Miran Perez-Moreno, author of the study, explains, “We have discovered that macrophages, cells whose main function is traditionally attributed to fight infections and wound repair, are also involved in the activation of hair follicle stem cells in non-inflamed skin.”
According to the study's authors, the results of their research could assist with the development of new treatments and technology for cancer, regeneration and ageing. Macrophages are responsible for activating the regenerative skin stem cells they surround, which prompts hair growth, as shown in the diagram, right.
Until now, it has been unclear to researchers how skin cells communicate among themselves to trigger hair production, although many scientists have been exploring the subject recently, including stem cell researchers from the Faculty of Veterinary Medicine at the University of Calgary.

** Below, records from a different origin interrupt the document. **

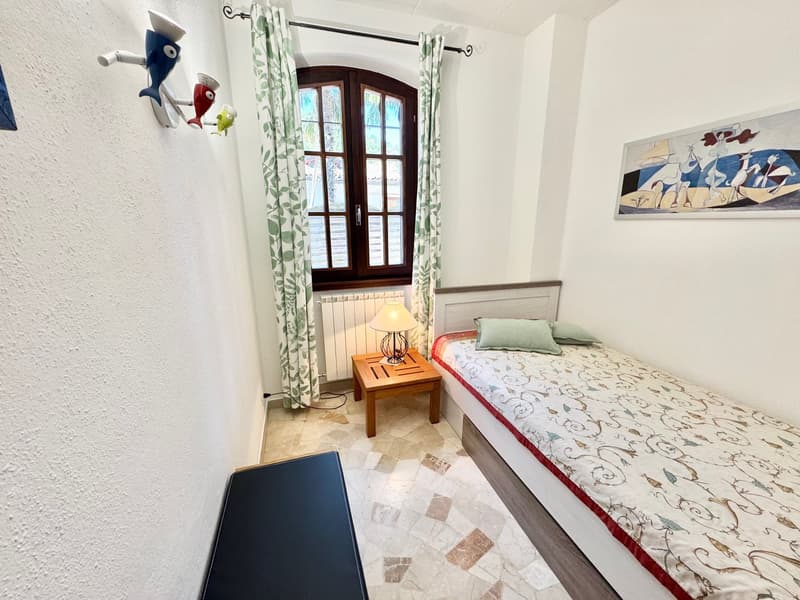 Bedroom with wooden framed windows, patterned curtains, wooden side table with lamp, tiled floor, and a bed with patterned bedding.
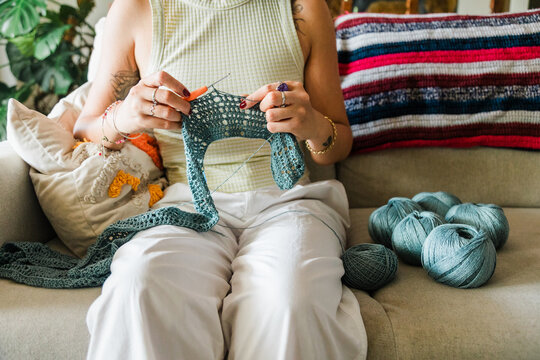 Woman crocheting at home with blue yarn on sofa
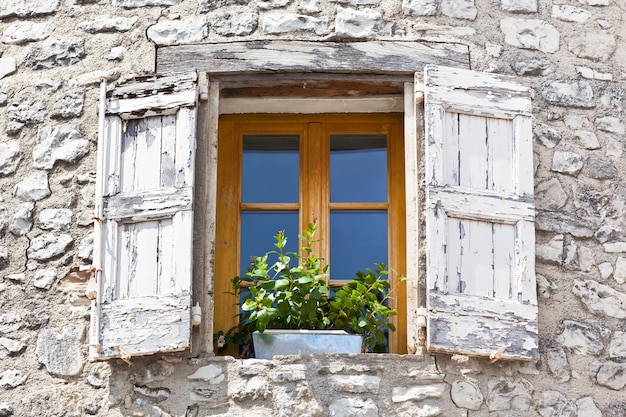 Hausfassade mit weißen Fensterläden in Frankreich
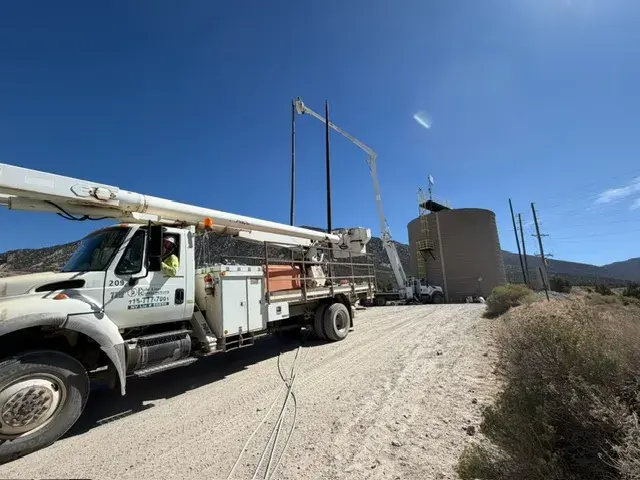 Field truck beside utility poles on a dirt road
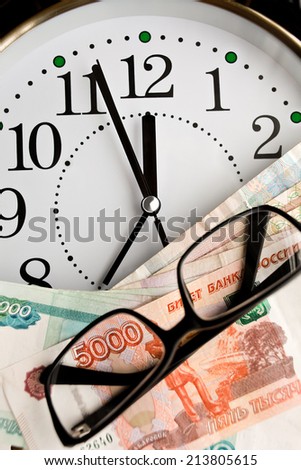 Large clock with money and glasses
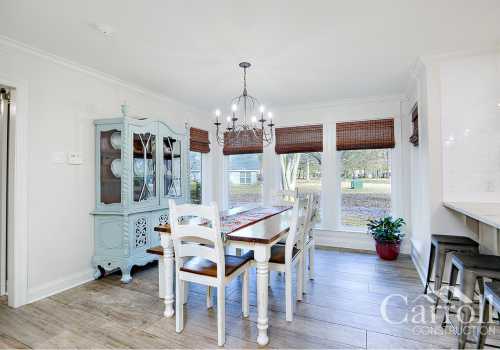 Bright dining area inside the new house by Carroll Construction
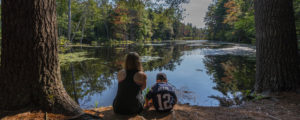 Mother and Son Sitting by Woods Pond, Photo Credit: CFW Photography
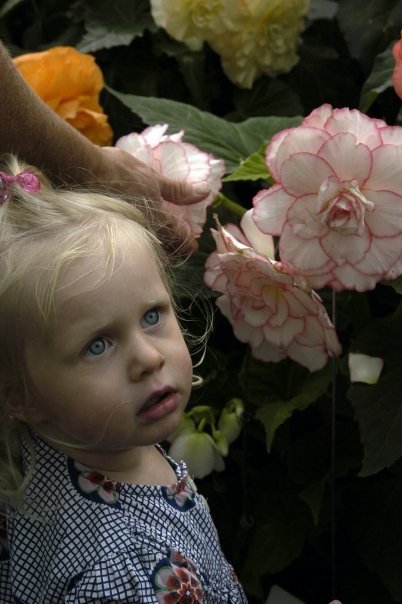 Young girl by flowers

Study author Perez-Moreno was working on separate research using mice when the discovery was made. After being treated with anti-inflammatory drugs, the mice began to grow new hair, leading her to believe there was a link between immune cells and stem cells. The team tested immune system cells to find out what role, if any, each played in hair growth, and discovered that during the apoptosis process, some macrophages naturally died.
It is this cycle of dying and living macrophages which activates stem cells, stimulating hair growth. The death of macrophages releases WNT signalling molecules, and the researchers discovered that by administering a WNT inhibitor to the macrophages, the growth of hair could be delayed, suggesting that WNTs have a role to play in activating hair follicle stem cells.
Whilst the research was conducted with mice, it's believed that the results could apply to humans too, and could potentially be used to treat conditions such as Alopecia Areata. The study's authors commented, “This line of research should facilitate the development of novel therapeutic strategies for the manipulation of undesired human hair loss or growth that target perifollicular immunocytes, such as macrophages.”
For those experiencing hair loss caused by immune system disorders such as Alopecia Areata and Alopecia Universalis, this research could mean significant changes in the way hair loss is treated.
Whilst there are currently a number of treatments for Alopecia Areata available - we have seen many promising regrowth results from minoxidil in Belgravia clients with Alopecia - there are fewer options for Alopecia Universalis treatment. So, although more research is needed to establish how these findings can be formed into an efficient and safe hair loss treatment, any new breakthroughs regarding these hair loss conditions will certainly come as very welcome news to sufferers.